It's not really the case, and I'm okay, for the record.

I can write vulnerably about depression and anxiety because I have some distance from the valley these days, and I'm blessed that I've never had to sit in that valley too very long without Hope and Light and Truth.

Sometimes, though, I need to drive through the old neighborhood with the windows rolled up, lock eyes with the brothers and the dealers, the pushers and the hustlers, and keep on driving.

Turn your eyes upon Jesus, look full in His wonderful face (the hymn goes) and the things of earth will grow strangely dim in the light of His glory and grace.

It all sounds too easy, I know. Jesus with the cape and the white horse, who swoops in and rescues and the earth goes dim and the credits roll.

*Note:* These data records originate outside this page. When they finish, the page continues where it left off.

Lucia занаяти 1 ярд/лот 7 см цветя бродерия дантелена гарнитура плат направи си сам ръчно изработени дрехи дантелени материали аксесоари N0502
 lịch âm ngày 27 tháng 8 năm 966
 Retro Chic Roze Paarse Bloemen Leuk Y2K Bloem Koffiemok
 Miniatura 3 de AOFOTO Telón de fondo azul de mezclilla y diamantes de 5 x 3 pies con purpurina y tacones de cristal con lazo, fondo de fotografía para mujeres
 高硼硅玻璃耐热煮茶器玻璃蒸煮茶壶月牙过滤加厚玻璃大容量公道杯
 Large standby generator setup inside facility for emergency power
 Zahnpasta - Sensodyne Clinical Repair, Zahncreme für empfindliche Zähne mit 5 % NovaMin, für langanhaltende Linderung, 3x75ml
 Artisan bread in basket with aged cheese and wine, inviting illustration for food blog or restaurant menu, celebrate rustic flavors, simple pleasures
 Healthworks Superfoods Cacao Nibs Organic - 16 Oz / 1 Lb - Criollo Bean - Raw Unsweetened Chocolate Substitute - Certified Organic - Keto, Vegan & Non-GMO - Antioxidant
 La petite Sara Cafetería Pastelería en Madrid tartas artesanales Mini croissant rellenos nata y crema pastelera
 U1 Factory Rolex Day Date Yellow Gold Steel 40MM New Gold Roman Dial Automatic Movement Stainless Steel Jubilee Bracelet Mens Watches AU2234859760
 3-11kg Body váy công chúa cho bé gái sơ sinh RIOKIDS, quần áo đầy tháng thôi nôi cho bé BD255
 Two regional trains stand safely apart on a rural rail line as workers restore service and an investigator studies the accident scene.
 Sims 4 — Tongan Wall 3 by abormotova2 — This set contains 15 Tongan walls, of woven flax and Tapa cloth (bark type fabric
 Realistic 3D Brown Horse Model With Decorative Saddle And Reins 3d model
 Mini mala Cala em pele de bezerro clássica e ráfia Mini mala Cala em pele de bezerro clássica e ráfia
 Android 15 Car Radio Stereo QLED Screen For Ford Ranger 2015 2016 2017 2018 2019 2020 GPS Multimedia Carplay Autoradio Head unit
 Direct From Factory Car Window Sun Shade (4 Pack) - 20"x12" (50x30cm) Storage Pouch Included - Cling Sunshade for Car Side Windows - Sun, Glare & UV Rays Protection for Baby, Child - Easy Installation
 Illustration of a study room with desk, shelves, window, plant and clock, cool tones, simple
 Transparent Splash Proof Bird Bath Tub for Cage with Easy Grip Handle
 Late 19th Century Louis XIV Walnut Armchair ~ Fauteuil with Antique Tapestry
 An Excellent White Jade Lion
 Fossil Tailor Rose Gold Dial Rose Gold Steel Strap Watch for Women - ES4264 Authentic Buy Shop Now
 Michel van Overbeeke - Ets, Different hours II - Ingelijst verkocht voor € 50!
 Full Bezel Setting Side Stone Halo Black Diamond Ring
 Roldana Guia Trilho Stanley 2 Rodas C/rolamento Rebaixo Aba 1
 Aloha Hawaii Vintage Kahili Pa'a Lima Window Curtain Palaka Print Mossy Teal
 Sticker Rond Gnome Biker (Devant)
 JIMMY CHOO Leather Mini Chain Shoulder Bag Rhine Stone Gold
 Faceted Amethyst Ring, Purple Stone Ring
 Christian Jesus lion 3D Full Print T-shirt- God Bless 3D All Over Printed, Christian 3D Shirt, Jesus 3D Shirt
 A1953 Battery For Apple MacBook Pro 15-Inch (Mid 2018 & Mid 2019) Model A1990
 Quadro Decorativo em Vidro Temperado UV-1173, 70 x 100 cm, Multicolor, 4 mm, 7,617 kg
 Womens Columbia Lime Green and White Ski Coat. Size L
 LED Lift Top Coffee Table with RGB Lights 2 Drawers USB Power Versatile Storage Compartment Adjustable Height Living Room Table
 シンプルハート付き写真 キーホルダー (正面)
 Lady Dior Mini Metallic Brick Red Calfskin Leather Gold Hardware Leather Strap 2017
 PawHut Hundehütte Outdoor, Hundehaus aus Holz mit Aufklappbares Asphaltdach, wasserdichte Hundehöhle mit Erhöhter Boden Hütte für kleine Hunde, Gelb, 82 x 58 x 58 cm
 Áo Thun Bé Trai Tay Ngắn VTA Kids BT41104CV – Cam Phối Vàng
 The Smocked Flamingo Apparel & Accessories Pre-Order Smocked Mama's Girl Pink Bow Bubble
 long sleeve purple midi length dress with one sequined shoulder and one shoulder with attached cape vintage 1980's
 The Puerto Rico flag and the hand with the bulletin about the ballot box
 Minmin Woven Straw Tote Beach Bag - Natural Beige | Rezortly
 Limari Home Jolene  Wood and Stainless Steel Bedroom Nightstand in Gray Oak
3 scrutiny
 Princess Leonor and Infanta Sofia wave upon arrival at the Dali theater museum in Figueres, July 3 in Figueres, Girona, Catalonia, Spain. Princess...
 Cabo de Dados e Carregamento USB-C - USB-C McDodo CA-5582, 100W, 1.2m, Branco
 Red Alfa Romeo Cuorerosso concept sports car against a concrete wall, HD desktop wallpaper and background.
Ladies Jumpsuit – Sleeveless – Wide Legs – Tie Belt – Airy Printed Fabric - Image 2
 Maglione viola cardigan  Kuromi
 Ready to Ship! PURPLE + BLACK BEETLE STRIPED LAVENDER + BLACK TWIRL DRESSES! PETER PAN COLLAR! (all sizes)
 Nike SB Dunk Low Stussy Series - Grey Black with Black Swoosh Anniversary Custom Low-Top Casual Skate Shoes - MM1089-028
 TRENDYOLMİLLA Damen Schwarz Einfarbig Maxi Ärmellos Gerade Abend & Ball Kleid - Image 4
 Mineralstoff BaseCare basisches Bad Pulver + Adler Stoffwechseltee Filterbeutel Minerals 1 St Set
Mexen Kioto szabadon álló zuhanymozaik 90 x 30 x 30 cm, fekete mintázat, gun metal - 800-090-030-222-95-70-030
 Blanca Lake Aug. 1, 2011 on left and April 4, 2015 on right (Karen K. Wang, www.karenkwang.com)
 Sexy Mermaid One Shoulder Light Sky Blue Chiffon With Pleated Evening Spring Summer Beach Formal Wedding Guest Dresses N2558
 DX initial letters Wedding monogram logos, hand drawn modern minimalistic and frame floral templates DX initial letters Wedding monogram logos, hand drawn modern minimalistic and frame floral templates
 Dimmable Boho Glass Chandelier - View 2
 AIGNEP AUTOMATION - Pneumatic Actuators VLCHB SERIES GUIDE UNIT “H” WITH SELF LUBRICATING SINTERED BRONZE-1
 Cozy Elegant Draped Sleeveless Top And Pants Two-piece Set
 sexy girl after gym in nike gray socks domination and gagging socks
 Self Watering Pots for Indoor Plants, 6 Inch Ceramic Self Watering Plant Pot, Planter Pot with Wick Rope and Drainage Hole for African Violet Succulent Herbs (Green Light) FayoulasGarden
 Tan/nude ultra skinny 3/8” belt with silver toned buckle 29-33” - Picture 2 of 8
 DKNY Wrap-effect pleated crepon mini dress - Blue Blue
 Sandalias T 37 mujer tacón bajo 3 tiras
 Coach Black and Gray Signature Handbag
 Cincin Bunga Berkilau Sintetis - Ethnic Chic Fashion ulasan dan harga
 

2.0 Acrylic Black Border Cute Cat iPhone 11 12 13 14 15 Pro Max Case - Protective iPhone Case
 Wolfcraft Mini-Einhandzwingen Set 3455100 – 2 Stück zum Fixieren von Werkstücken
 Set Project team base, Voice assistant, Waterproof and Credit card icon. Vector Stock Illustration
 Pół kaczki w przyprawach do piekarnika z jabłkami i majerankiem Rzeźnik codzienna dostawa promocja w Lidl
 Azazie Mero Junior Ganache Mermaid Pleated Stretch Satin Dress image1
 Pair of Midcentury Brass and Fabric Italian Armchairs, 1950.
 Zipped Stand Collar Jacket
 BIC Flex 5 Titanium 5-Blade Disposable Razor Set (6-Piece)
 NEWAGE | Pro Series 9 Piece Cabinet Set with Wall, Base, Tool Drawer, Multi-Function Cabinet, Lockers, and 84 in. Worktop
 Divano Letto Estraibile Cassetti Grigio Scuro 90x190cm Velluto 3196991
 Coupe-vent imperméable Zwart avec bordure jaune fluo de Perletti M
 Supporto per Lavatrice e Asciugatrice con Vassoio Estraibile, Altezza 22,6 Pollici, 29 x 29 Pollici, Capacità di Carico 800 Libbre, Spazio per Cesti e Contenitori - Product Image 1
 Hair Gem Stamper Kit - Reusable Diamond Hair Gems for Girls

Except he rode a donkey and not a white horse, and the whole rescuing business is a lot muddier and bloodier than maybe we're wont to recount. We come back to the rescue day by day and sometimes, minute by minute, and we learn and we heal. Because the beauty is so consuming that it's all we might be tempted to say, the rescue is so very worth it.

But there is still an old neighborhood. There are broken hearts and people who don't know and are just tired of all the mud and the battle. For them, and for us when we forget to cling tight, the things of earth are raw and real and not strangely dim at all. So we tell our truths, go back into the valley when we can, when we're secured tightly to the harness of Grace, and extend healed hands but not clean ones and do what we can to help them turn their eyes.